The Church of Jesus Christ is a schismatic organization in the Latter Day Saint movement which was organized in 1965 as a fracturing from the Church of Jesus Christ of Latter Day Saints (Strangite).

In the early 1950s, Theron Drew, a member of the Strangite church, met Merl Kilgore, who at the time was the leader of another Latter Day Saint group called Zion's Order of the Sons of Levi. Drew was convinced that Kilgore was the "One Mighty and Strong" prophesied in Mormon scripture and that Kilgore should become the successor of James Strang, to lead the Strangite Church. However, not long after promoting Kilgore, Drew changed his mind.

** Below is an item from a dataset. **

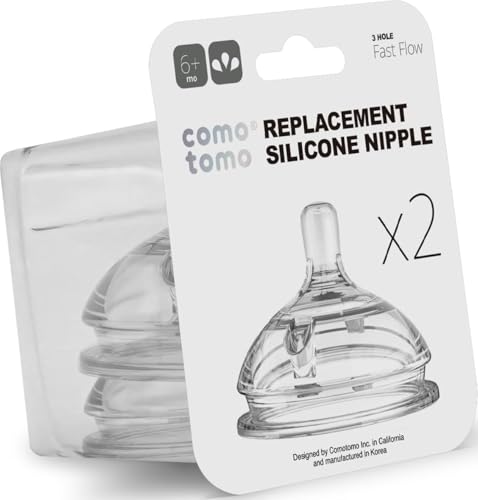 Image of Comotomo Silicone Replacement Nipple, Fast Flow, 6+ Months, 2 Count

When Drew met again with the Strangite Church, he was rejected and excommunicated by them in 1965. Drew, his family, and a small number of supporters then organized The Church of Jesus Christ, claiming it to be the true successor of Joseph Smith's Church of Christ. The Drewite Church met in a farmhouse previously owned by Wingfield W. Watson, an early leader within the Strangites. Theron Drew died in 1978 and leadership of the church passed to his son, Richard Drew.

The Strangite Church sued The Church of Jesus Christ to recover some documents in Theron Drew's possession, but the lawsuit was unsuccessful.